Tutti guardano in direzione dell’Ucraina, e la Serbia non fa eccezione. Il presidente serbo Aleksandar Vučić ha espresso preoccupazione per la decisione del presidente russo Vladimir Putin di riconoscere l’indipendenza di Donetsk e Luhansk, due province dell’Ucraina orientale controllate dai ribelli filorussi.

Ordinando all’esercito serbo di stare in massima allerta, Vučić ha detto : "Ci sono ora molte sfide di natura politica, di sicurezza ed economica. Le pressioni politiche saranno più grandi che mai. Solo negli ultimi tre giorni quello che ho vissuto conferma le mie parole. Sono passato attraverso vari tipi di pressioni, ma quello che ho vissuto nei tre giorni precedenti e quello che seguirà non sarà affatto facile… Penso che l’ordine mondiale stia cambiando in questo modo… La pace non è più qualcosa di implicito".

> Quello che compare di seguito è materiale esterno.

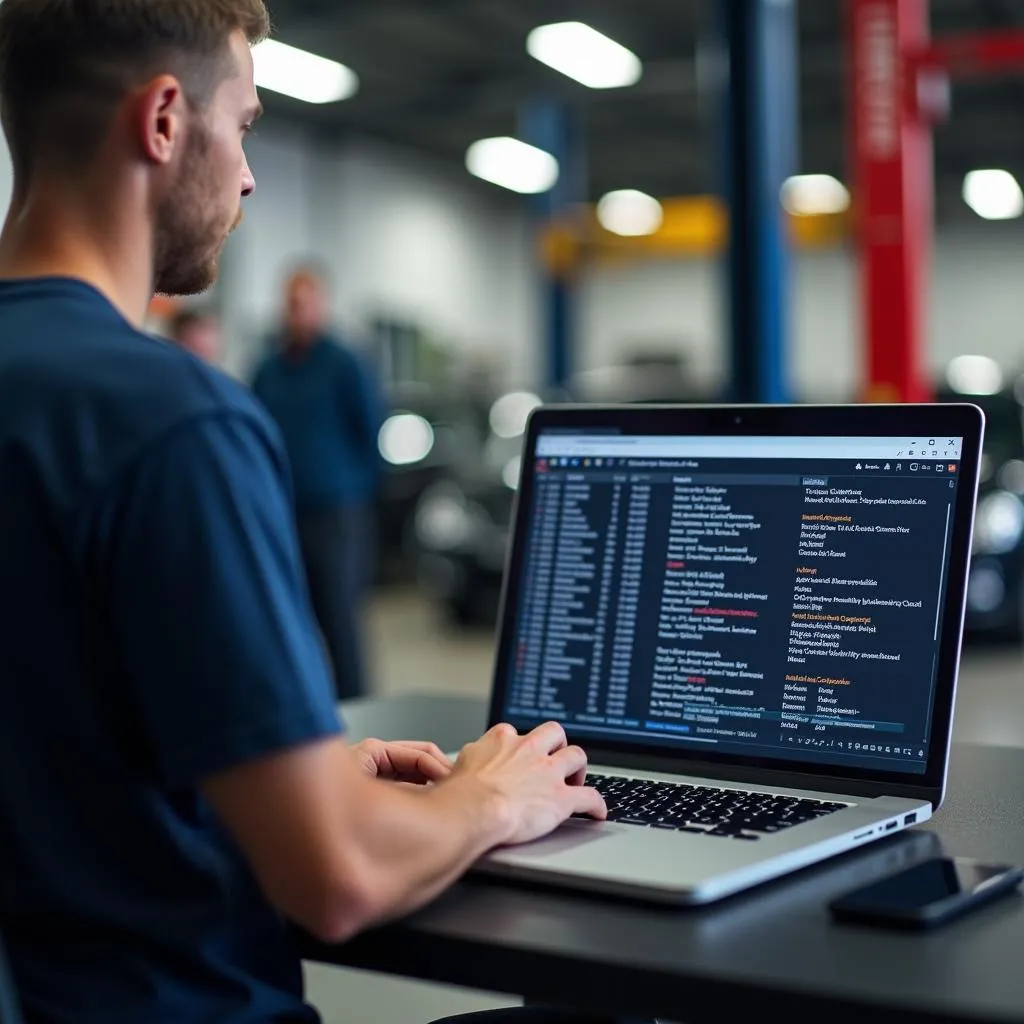 Mechanic Using Bluetooth OBD Software on Laptop to Diagnose Car Problem
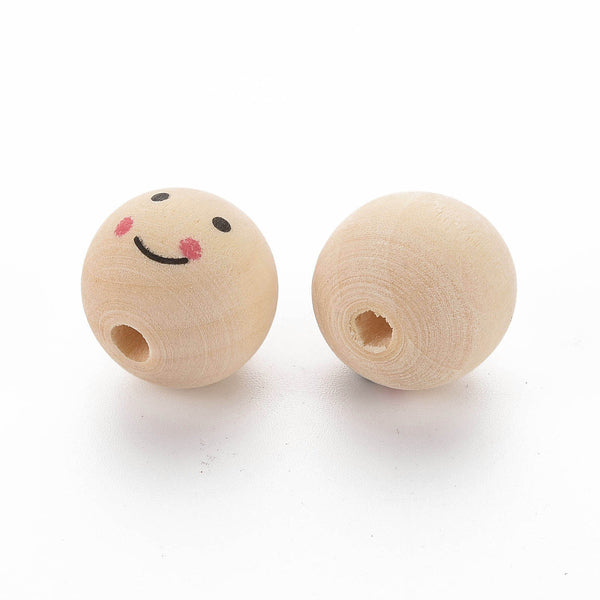 Holzkugel Gesicht lächelnd bedruckt 25mm 10 Stück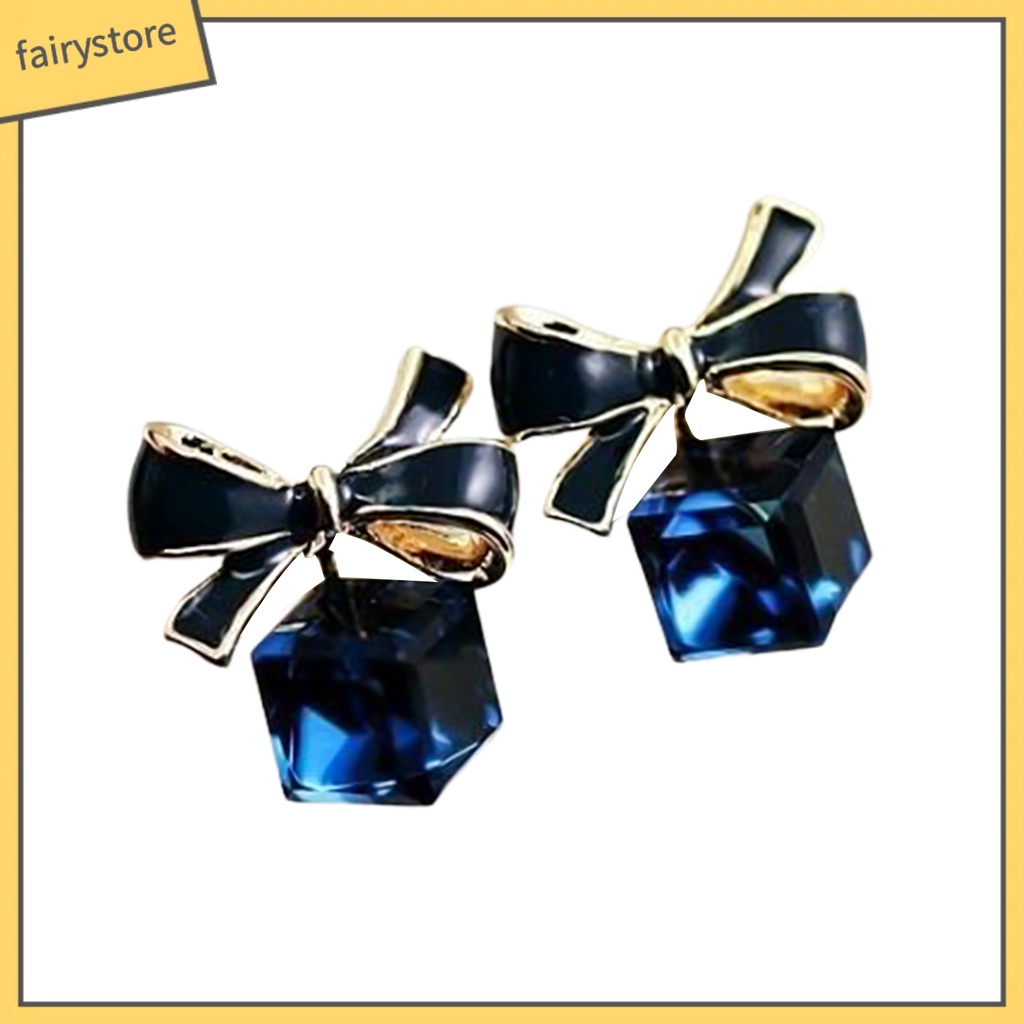 1 Đôi Bông Tai Hình Nơ Đính Pha Lê Giả Thời Trang Dành Cho Nữ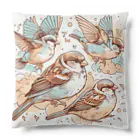 Green__teaのSparrow flapping wings Cushion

Lo stesso giorno, Vučić ha convocato una riunione del Consiglio di sicurezza nazionale per discutere le implicazioni del peggioramento del conflitto in Ucraina per la Serbia. Una settimana prima, la Serbia aveva invitato i cittadini serbi rimasti a lasciare l’Ucraina. Il timore che qualsiasi potenziale conflitto in Ucraina si estendesse oltre i suoi confini era evidente.

La prima crisi ucraina del 2014 è stata una brutta notizia per Belgrado. La Serbia si è trovata in una posizione scomoda, con l’Occidente e la Russia ai ferri corti sull’Ucraina.

La Serbia era politicamente legata alla Russia, data la sua dipendenza dal sostegno di Mosca nell’opporsi all’indipendenza del Kosovo. La Serbia sperava inoltre che la Russia costruisse il South Stream , un gasdotto ormai defunto, attraverso il suo territorio.

Nel 2014, la Serbia aveva appena iniziato i colloqui di adesione con l’UE , ed era coinvolta – già da due anni –  in colloqui di normalizzazione con il Kosovo , mediati dall’UE.

La posizione serba era resa ulteriormente complessa dal fatto che la Russia ha invocato il precedente del riconoscimento occidentale del Kosovo quando ha annesso la Crimea togliendola all’Ucraina.

Questo ha reso evidente come la Russia fosse pronta ad utilizzare a proprio favore la questione del Kosovo nelle sue dispute territoriali nello spazio post-sovietico, come merce di scambio con l’Occidente.

La Serbia inoltre considerava l’Ucraina un paese amico – anche quest’ultima non aveva riconosciuto il Kosovo – e ciò ha reso la vita di Belgrado ancora più difficile.

La leadership serba aveva paura di alienarsi la Russia anche per ragioni interne. Non si trattava infatti solo della sensibilità pubblica in Serbia sulla questione del Kosovo, ma anche della popolarità che la Russia e il suo presidente Vladimir Putin godono tra i serbi.

Inoltre le forze filorusse in Serbia hanno abilmente spostato la narrazione dal principio dell’integrità territoriale verso una narrazione storica: la Crimea era stata "tolta" alla Russia e quindi la Russia aveva semplicemente corretto l’ingiustizia storica, come la Serbia avrebbe fatto un giorno con il Kosovo.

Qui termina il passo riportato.